Empirische onderzoekscyclus = onderzoek waarbij data worden verzameld
In de onderzoekscyclus zijn vijf fasen te onderscheiden:
1. Onderzoeksvraag formuleren
2. Studie ontwerpen
3. Data verzamelen
4. Data analyseren
5. Rapporteren
- Het systematisch proces is iteratief/herhalend
- Uit het onderzoek kunnen weer nieuwe onderzoeksvragen voortkomen
Ethiek en integriteit zijn heel belangrijk omdat de objecten van onderzoek meestal mensen zijn.
Deelnemers steken tijd en moeite in de deelname + mogelijk risico. Wetenschappelijk
onderzoek wordt meestal uitgevoerd met publieksgeld. Dat geeft onderzoekers de zware
verantwoordelijkheid om hun uiterste best te doen te zorgen dat het onderzoek de moeite van
de investering en kosten waard is, repliceerbaar is, en dat alle stappen transparant&
herleidbaar zijn.
Ethische commissies maken o.a. een afweging van: de kosten van een studie (dus zowel
mogelijke negatieve gevolgen voor deelnemers als financiële kosten), de mogelijke
opbrengsten, bescherming van de deelnemers (bv door nazorg te borgen indien nodig),
beoordeelt ook of anonimiteit van deelnemers is gewaarborgd en of er goed met de data wordt
omgegaan tijdens en na het onderzoek.
Wat doen WMO METC en cETO?
,Wet Medisch Onderzoek: deze gaat over medisch wetenschappelijk onderzoek waarbij
personen aan handelingen onderworpen worden of gedragswijze opgelegd krijgen. Deze wet
zegt dat onderzoek pas mag worden uitgevoerd als de Medisch Ethische Toetsings Commissie
akkoord geeft.
Omdat psychologische en onderwijswetenschappelijke onderzoek niet medisch-
wetenschappelijk is, valt dit niet onder WMO. Bij OU is commissie Ethische Toetsing
Onderzoek opgericht om de gedragscode na te leven.
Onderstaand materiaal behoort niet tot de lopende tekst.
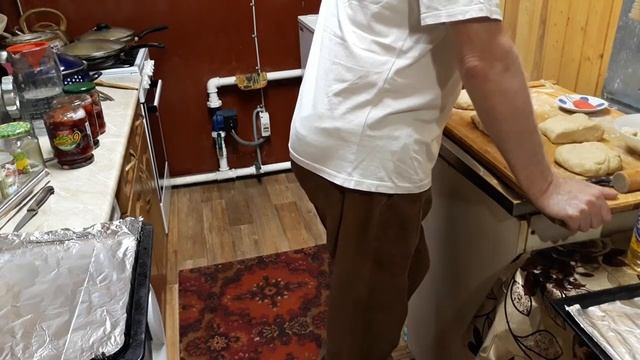 Домашние постные пироги с вареньем и капустой. Часть 1. смотреть онлайн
Bij de Open Universiteit wordt deze gedragscode toegepast door de commissie Ethische
Toetsing Onderzoek (cETO). Al het mensgebonden onderzoek bij de Open Universiteit wordt
door de cETO getoetst. METC is voor medische onderzoeken (niet veel in onderwijskunde)
Ethische commissie beoordeelt:
1. Informed Consent (=geïnformeerde toestemming)
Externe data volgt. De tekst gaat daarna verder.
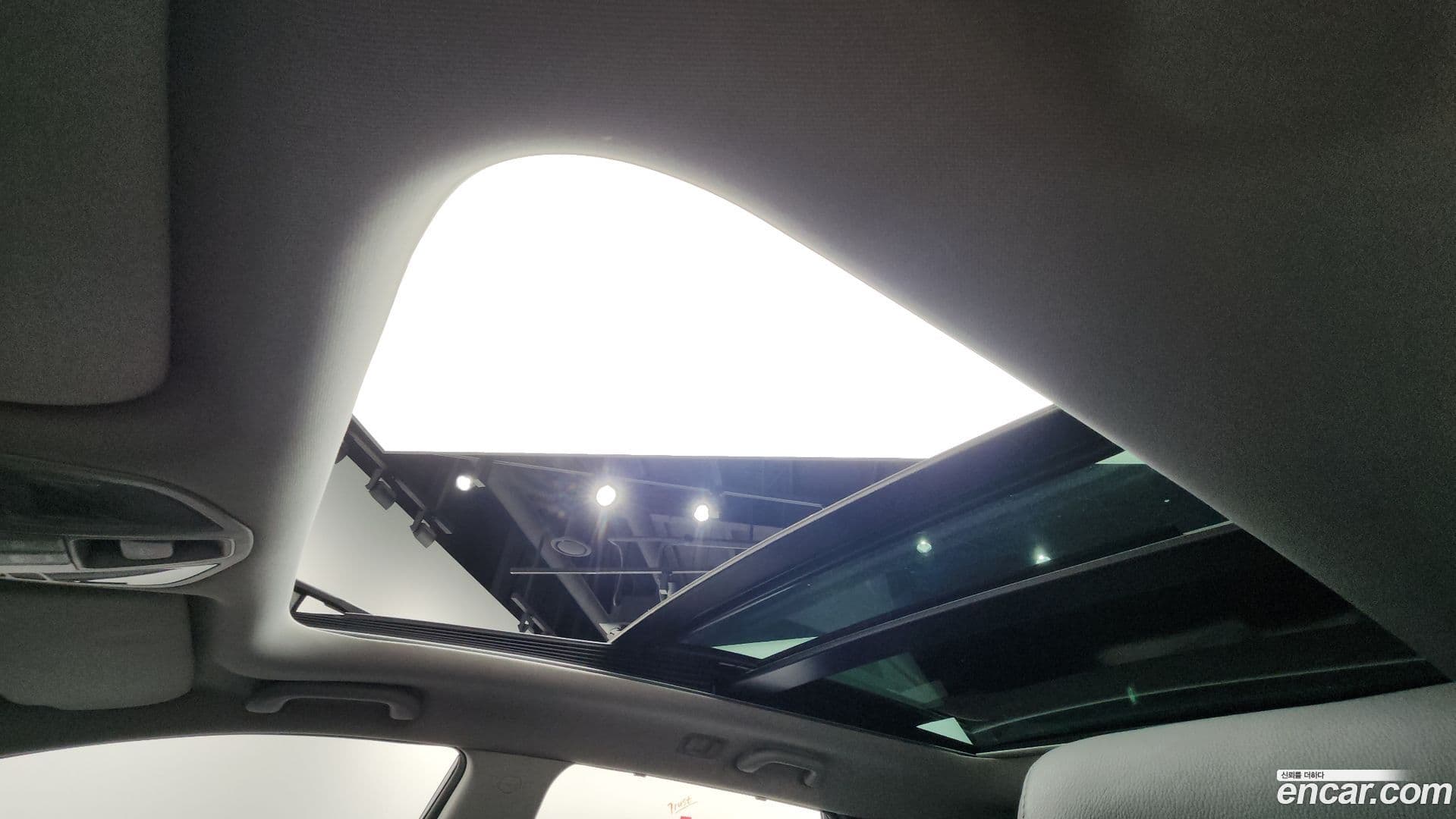 Main__Slider__Photo:Santafe Hyundai 2017.1-17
2. Full Disclosure (=openbaarmaking)
3. Datamanagement
1. Informed Consent = is een garantie dat deelnemers vrijwillig meewerken en niets doen wat
ze niet willen. Ook moet het onderzoek de data volledig anonimiseren. In een overeenkomst
staat dat deelnemers de ruimte hebben gehad om de achtergrondinformatie te lezen + de
gelegenheid hebben gehad om vragen te stellen + hebben kunnen nadenken over deelname
aan het onderzoek + weten dat ze op elk moment kunnen stoppen zonder gevolgen of opgaaf
van reden.
2. Full Disclosure = dan wordt er volledige openheid gegeven over het onderzoeksproces. Dit
betekent dat het zoveel mogelijk toegankelijk moet zijn voor een internationaal publiek.
3. Datamanagementplan = gaat over hoe data tijdens onderzoek wordt opgeslagen + hoe deze
worden geanonimiseerd + wie toegang houden tot de niet-geanonimiseerde (versleutelde)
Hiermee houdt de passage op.